Introduction: Perioperative use of ACE inhibitors (ACEIs) and angiotensin II receptor blockers (ARBs) has been linked to early postinduction hypotension requiring vasopressor use under general anesthesia, potentially leading to complications like acute renal injury, myocardial injury, or stroke. However, the relationship between perioperative ACEI/ARB use and major morbidity remains uncertain.
Aim: This meta-analysis assessed the differences between the continuation or discontinuation of ACE inhibitor (ACE-I) or angiotensin II receptor blocker (ARB) therapy during the perioperative period and hemodynamical instability, mortality, and major morbidity outcomes.

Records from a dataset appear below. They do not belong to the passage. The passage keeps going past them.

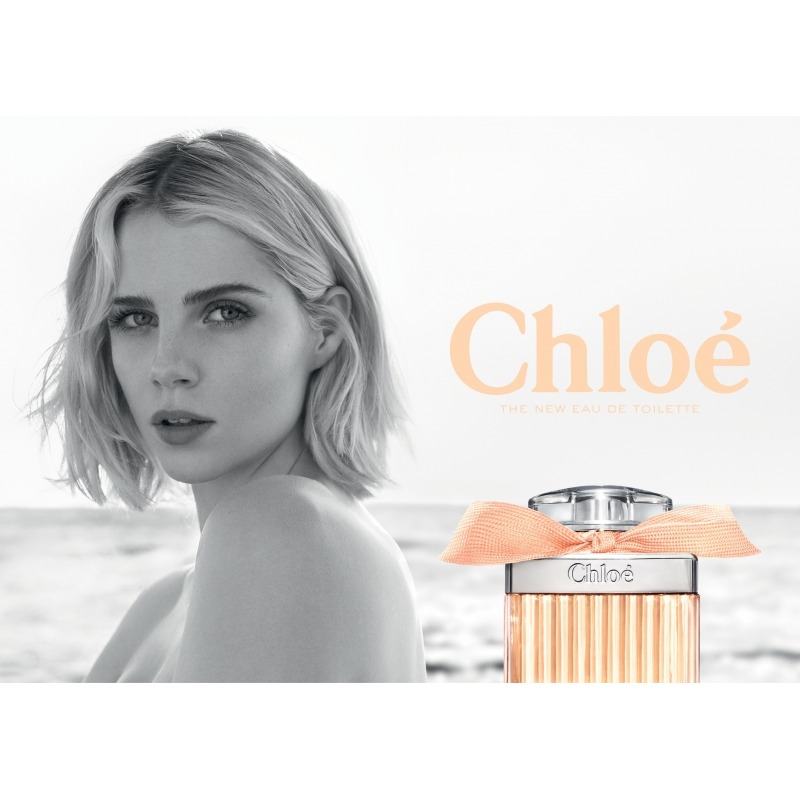 Chloe Rose Tangerine, миниатюра 3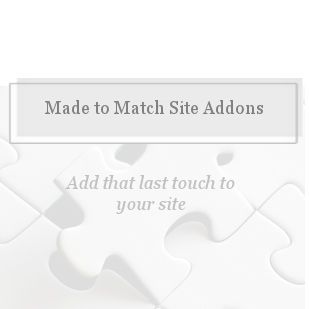 Made to Match Addons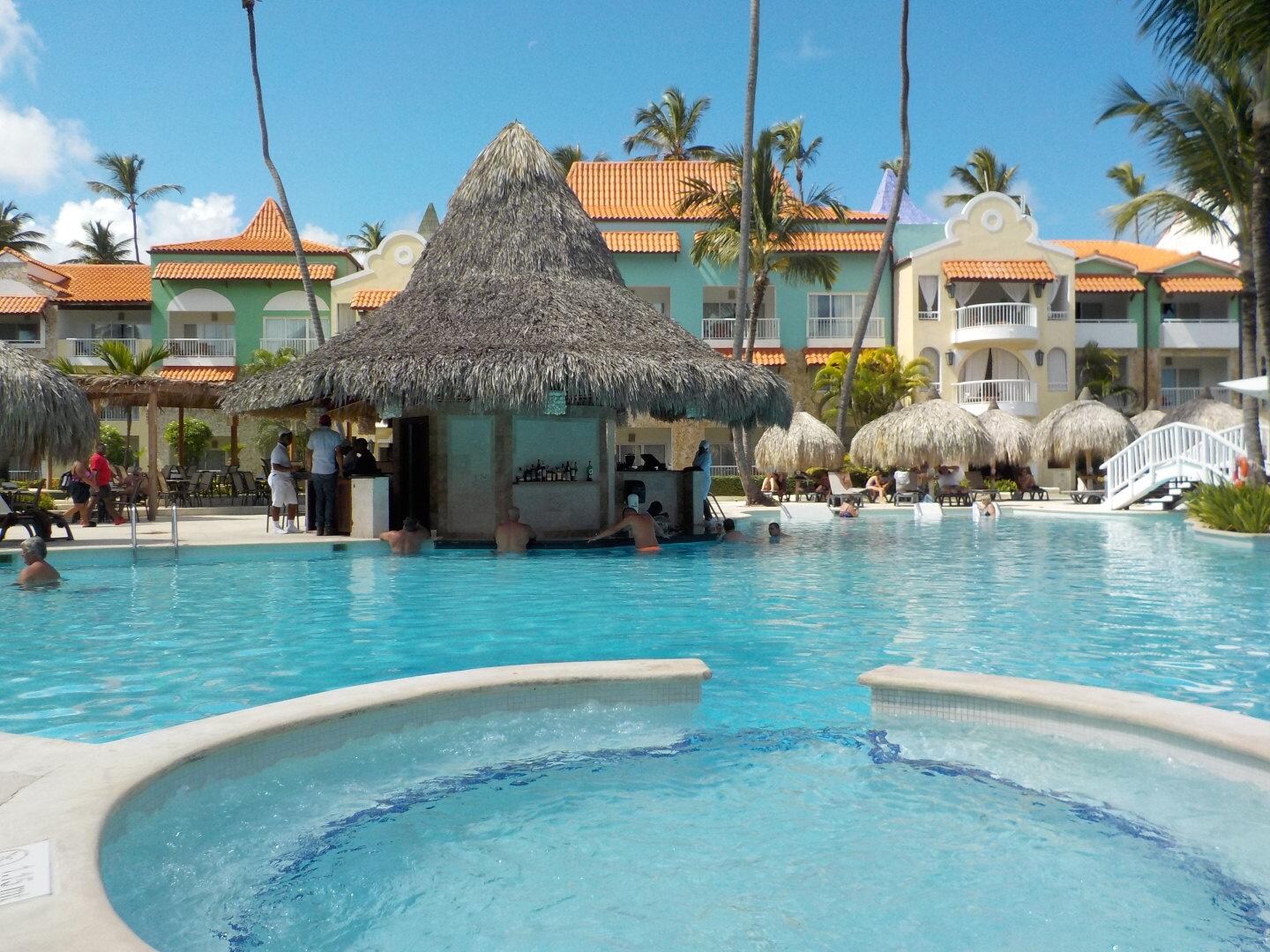 TRS Turquesa Hotel Adults Only All Inclusive (Punta Cana, République dominicaine) Expedia.fr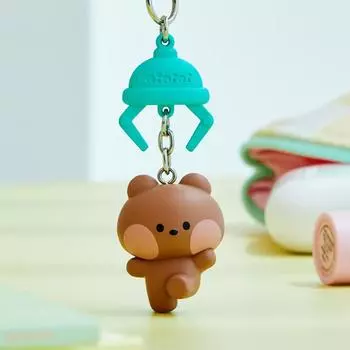 Брелок-фигурка Line Friends B-Nini Mini-Ni
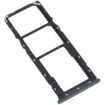 Samsung Galaxy A04 SM-A045F SIM Card Tray + Micro SD Card Tray (Green) - 2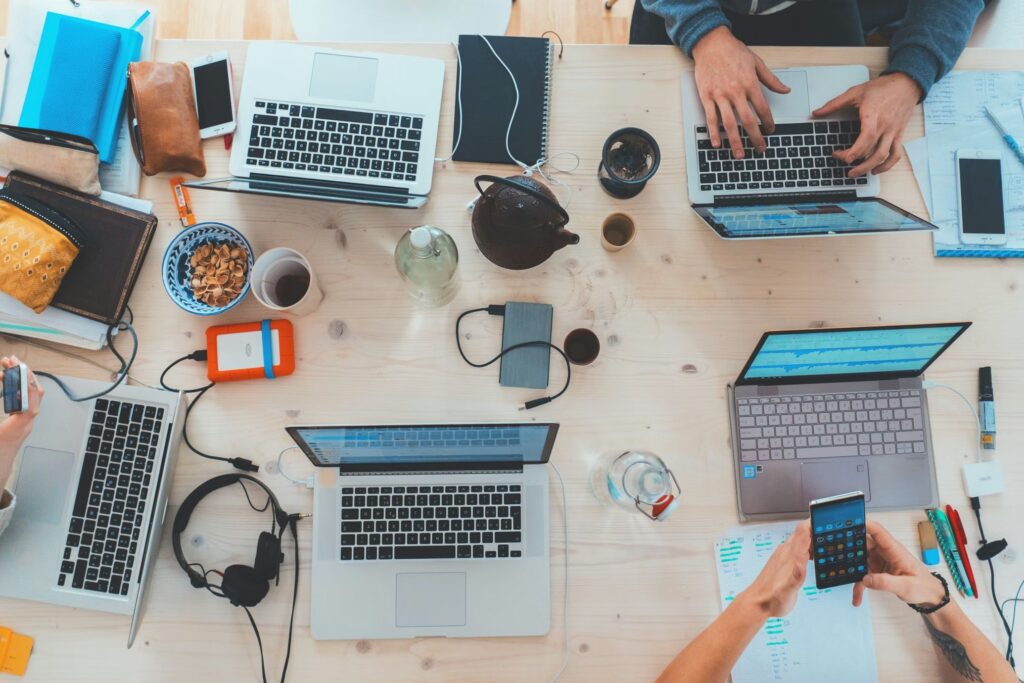 Programmatic Adertising Programmatic Advertising 7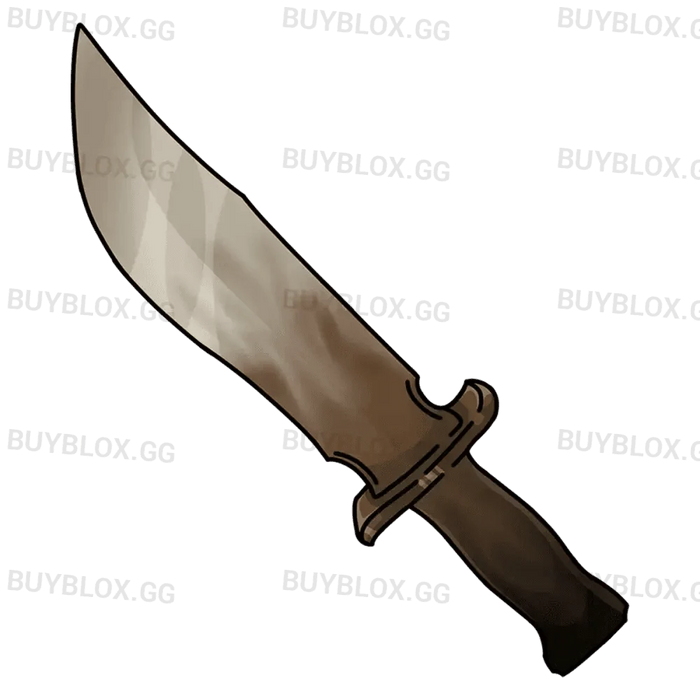 Latte Knife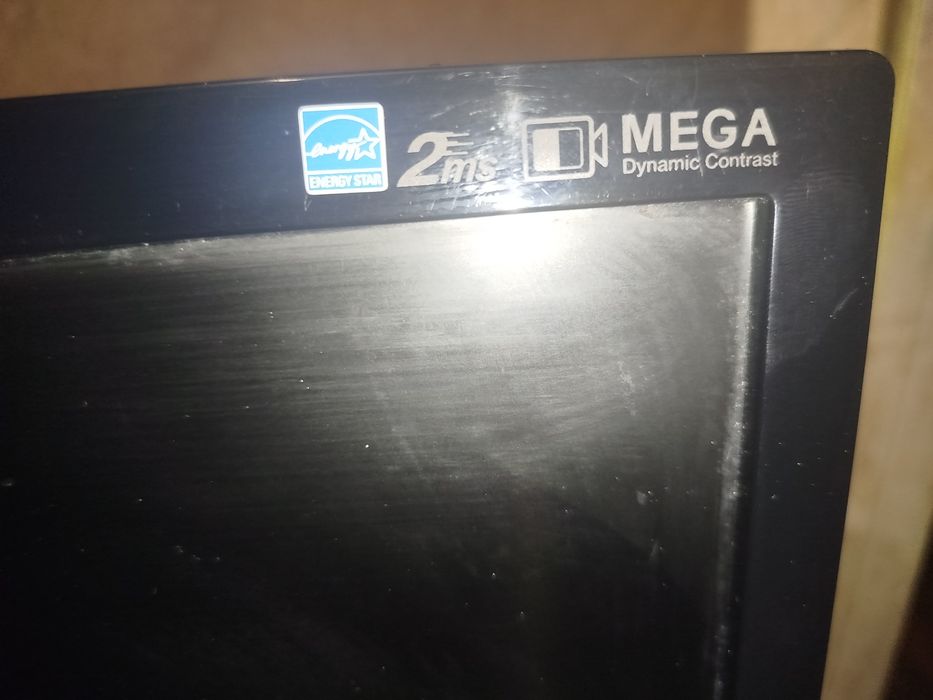 Монітор Samsung SyncMaster BX2231  НА ЗАПЧАСТИНИ!!!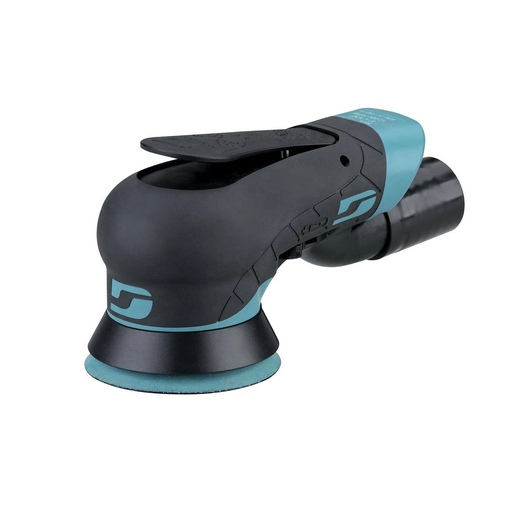 Dynabrade X32V 3" (76 mm) Diameter Cen-Vacuum Dynorbital Mini Extreme Random Orbital Sander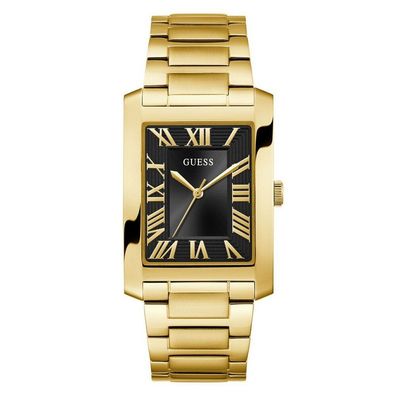 Guess - GW0896G2 - Armbanduhr - Herren - Quarz - Clyde
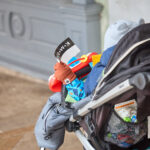 Tříkráloví koledníci opět vyrazili do ulic pro dobrou věc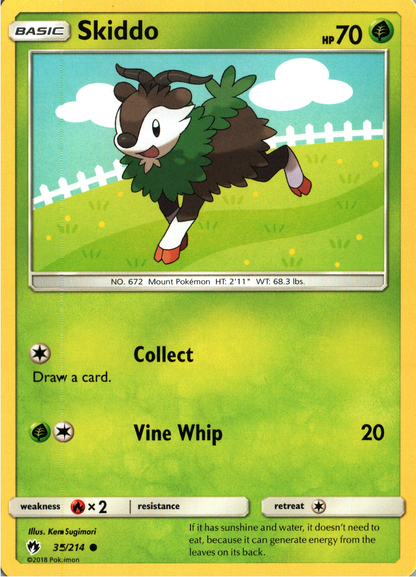 Skiddo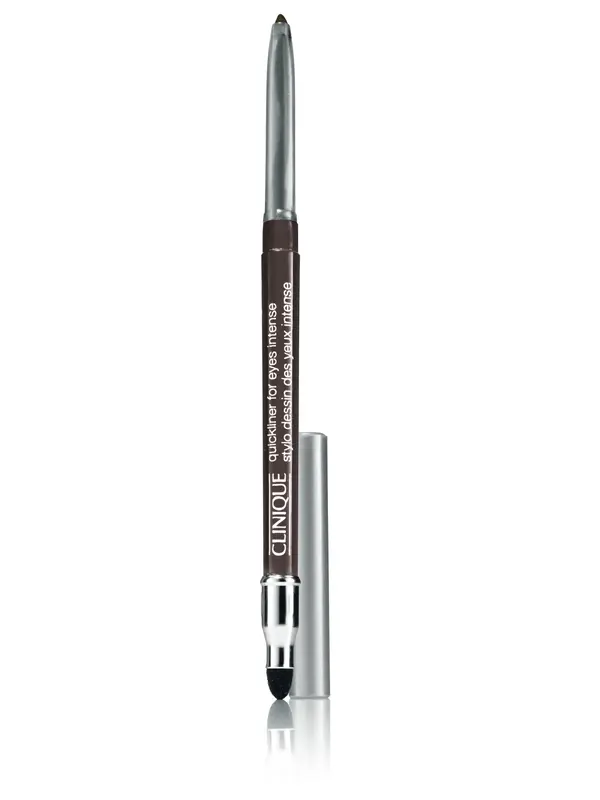 Clinique Quickliner for Intense Eyes - Eyeliner 28 g 03 Intense Chocolate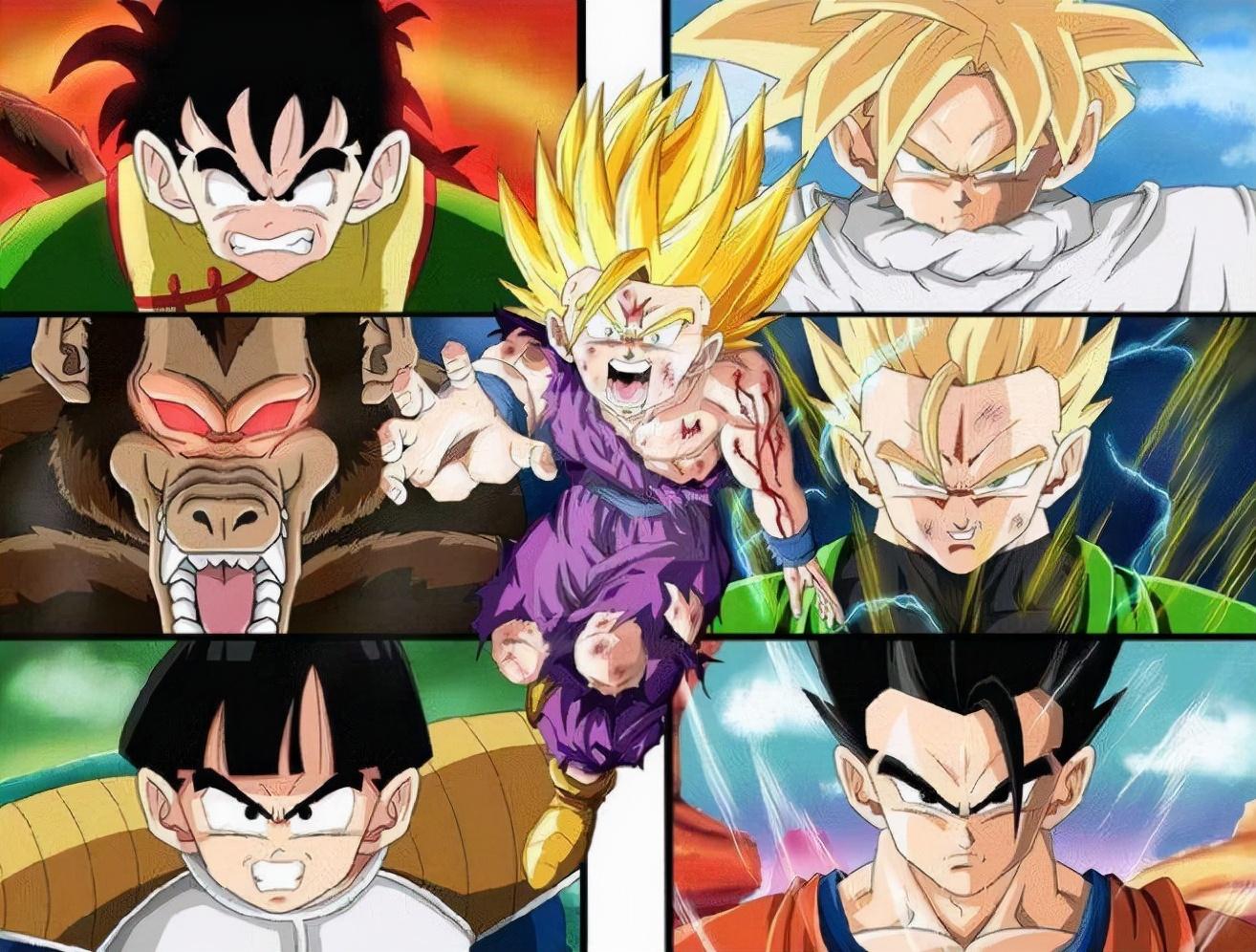 最新龙珠剧场版,最新龙珠剧场版，热血与情怀的交融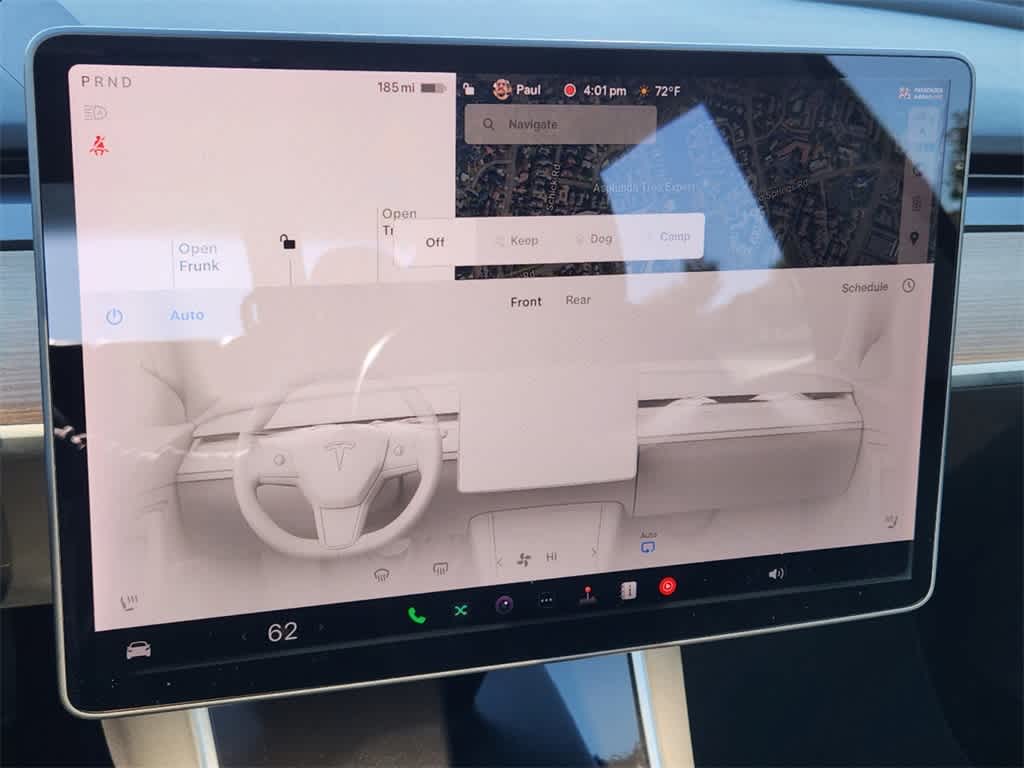 2018 Tesla Model 3 LONG RANGE 18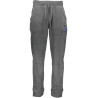 GIAN MARCO VENTURI MEN&39S GRAY PANTS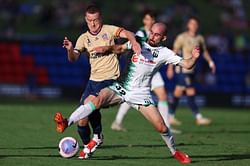 Newcastle Jets vs Western United Prediction and Betting Tips | July 24th 2024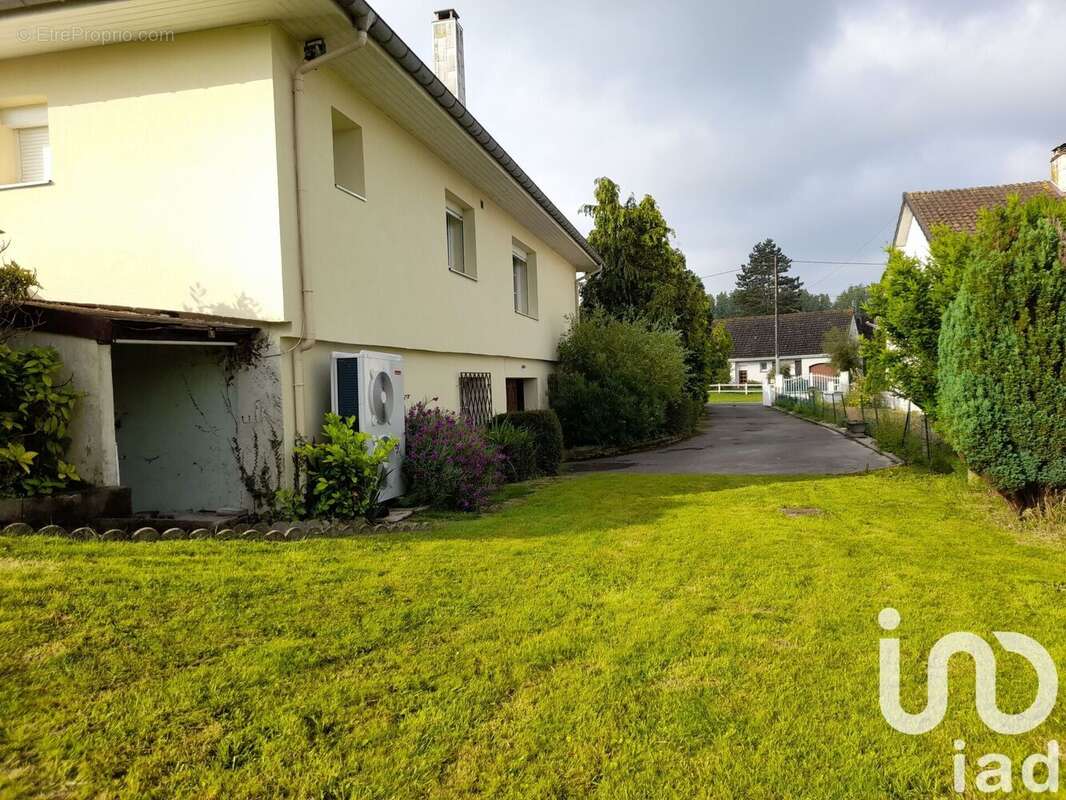 Photo 2 - Maison à CUCQ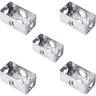 Kit5 Condulete Multiplo X 1 1/4" Similar - 1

Methods: The protocol was registered in the PROSPERO database (ID: CRD42024519162). Literature searches of electronic databases and manual searches on the Medline, Embase, Scopus, and Web of Science databases up to August 30, 2024, will be performed. Case-control studies, cohort studies, non-randomized controlled trials, and randomized controlled trials (RCTs) involving adult patients aged over 18 years, who were chronically using ACEIs or ARBs due to chronic hypertension, undergoing non-cardiac surgery, where ACEIs or ARB therapy was either withheld or continued less than 10 hours before surgery will be included. The primary outcome will be the incidence of intraoperative hypotension. Secondary outcomes will be the intraoperative use of vasoactive agent (incidence, dose of ephedrine (mg) and dose of phenylephrine (ng)), the incidence of severe hypotension, hospital length of stay, intraoperative and postoperative hypertension, the incidence of acute kidney injury, 30-day postoperative all-cause mortality and incidence of major cardio-cerebral events.
Conclusion: The results of this systematic review and meta-analysis should provide evidence for withholding or continuing perioperative ACE-I or ARB in noncardiac surgery.
Keywords: Angiotensin-converting enzyme inhibitors; continuing; meta-analysis; non-cardiac surgery; pre-operative; renin-angiotensin system inhibitor; systematic review; with holding.